EXTRACTED RECORDS
# # # # # # #
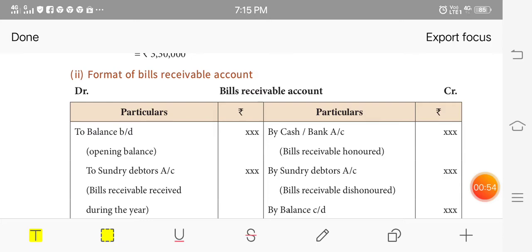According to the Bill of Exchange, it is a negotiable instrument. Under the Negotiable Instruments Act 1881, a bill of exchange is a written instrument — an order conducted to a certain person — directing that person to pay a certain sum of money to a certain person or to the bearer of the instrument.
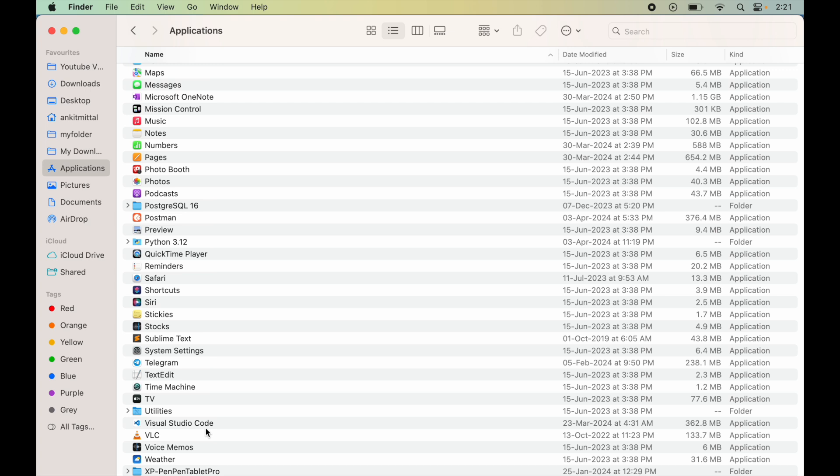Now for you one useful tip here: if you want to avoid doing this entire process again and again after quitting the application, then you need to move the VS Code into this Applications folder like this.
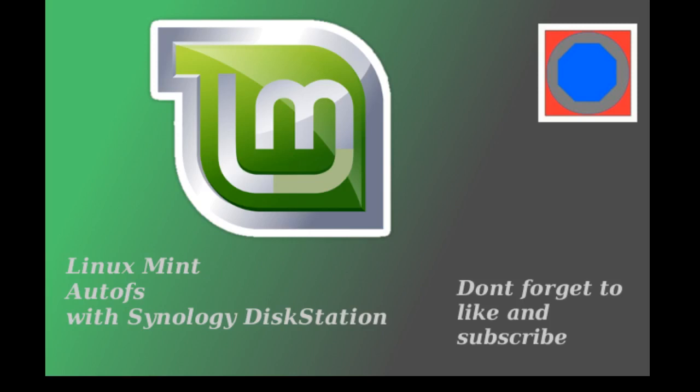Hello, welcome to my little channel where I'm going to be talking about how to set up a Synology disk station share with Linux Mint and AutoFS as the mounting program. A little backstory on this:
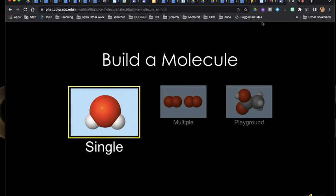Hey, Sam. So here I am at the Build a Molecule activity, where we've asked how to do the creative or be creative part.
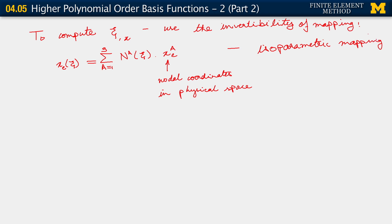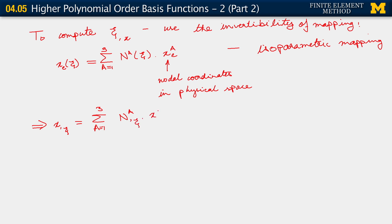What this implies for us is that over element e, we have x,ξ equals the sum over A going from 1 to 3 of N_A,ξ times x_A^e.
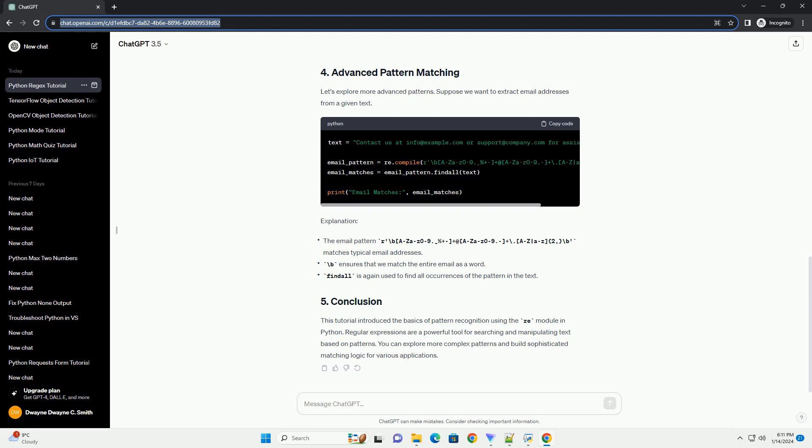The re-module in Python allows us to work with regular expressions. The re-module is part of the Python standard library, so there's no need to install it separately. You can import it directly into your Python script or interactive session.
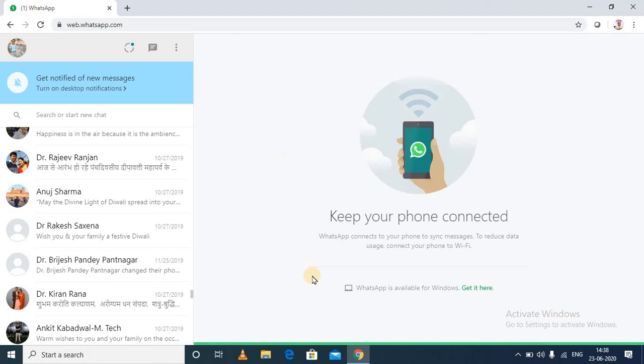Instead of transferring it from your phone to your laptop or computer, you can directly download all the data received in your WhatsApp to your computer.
# # # # # # #
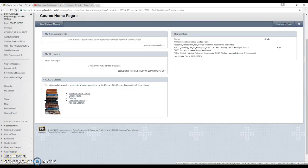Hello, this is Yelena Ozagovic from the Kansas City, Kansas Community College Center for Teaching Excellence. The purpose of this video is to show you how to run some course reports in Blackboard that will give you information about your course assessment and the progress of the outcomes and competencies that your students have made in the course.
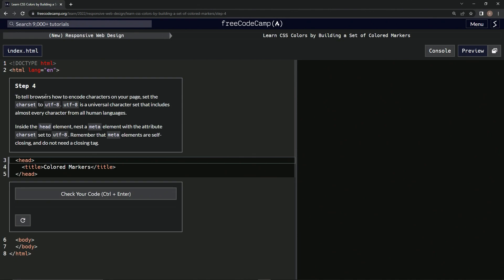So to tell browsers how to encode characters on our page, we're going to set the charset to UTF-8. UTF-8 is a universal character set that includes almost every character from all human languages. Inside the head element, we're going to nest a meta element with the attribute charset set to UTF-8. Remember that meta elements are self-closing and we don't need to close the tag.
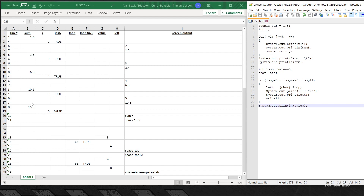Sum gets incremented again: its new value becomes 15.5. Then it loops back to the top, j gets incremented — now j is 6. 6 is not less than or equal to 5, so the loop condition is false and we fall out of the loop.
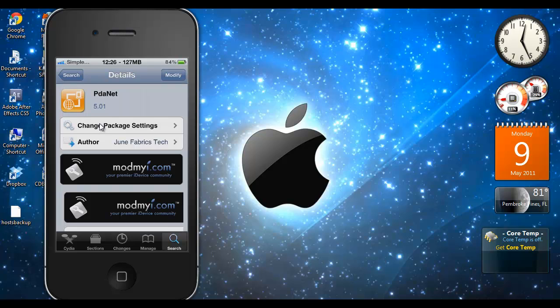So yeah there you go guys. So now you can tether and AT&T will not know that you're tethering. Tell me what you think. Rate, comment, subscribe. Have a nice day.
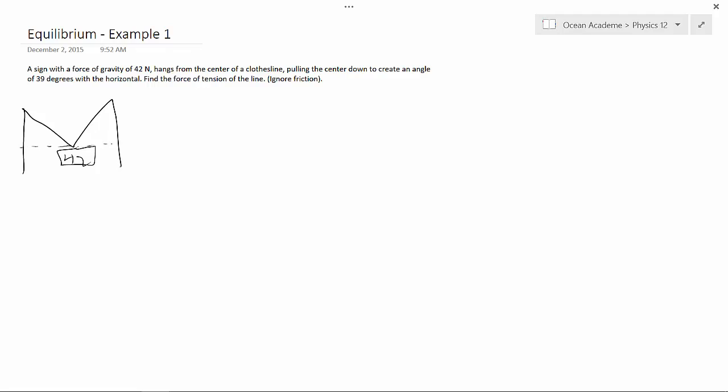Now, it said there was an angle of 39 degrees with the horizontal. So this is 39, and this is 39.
# # # # # # #
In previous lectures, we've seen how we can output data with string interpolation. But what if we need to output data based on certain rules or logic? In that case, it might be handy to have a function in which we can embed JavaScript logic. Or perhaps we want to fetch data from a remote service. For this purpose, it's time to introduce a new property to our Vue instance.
# # # # # # #
YOUR OBJECTIVE
Going by the data above, the answer is exactly the lines from the one holding "So to tell browsers" to the one holding "Now, it said", both kept, with the pictures left out.

SOLUTION FOR THIS TASK
So to tell browsers how to encode characters on our page, we're going to set the charset to UTF-8. UTF-8 is a universal character set that includes almost every character from all human languages. Inside the head element, we're going to nest a meta element with the attribute charset set to UTF-8. Remember that meta elements are self-closing and we don't need to close the tag.
Sum gets incremented again: its new value becomes 15.5. Then it loops back to the top, j gets incremented — now j is 6. 6 is not less than or equal to 5, so the loop condition is false and we fall out of the loop.
So yeah there you go guys. So now you can tether and AT&T will not know that you're tethering. Tell me what you think. Rate, comment, subscribe. Have a nice day.
Now, it said there was an angle of 39 degrees with the horizontal. So this is 39, and this is 39.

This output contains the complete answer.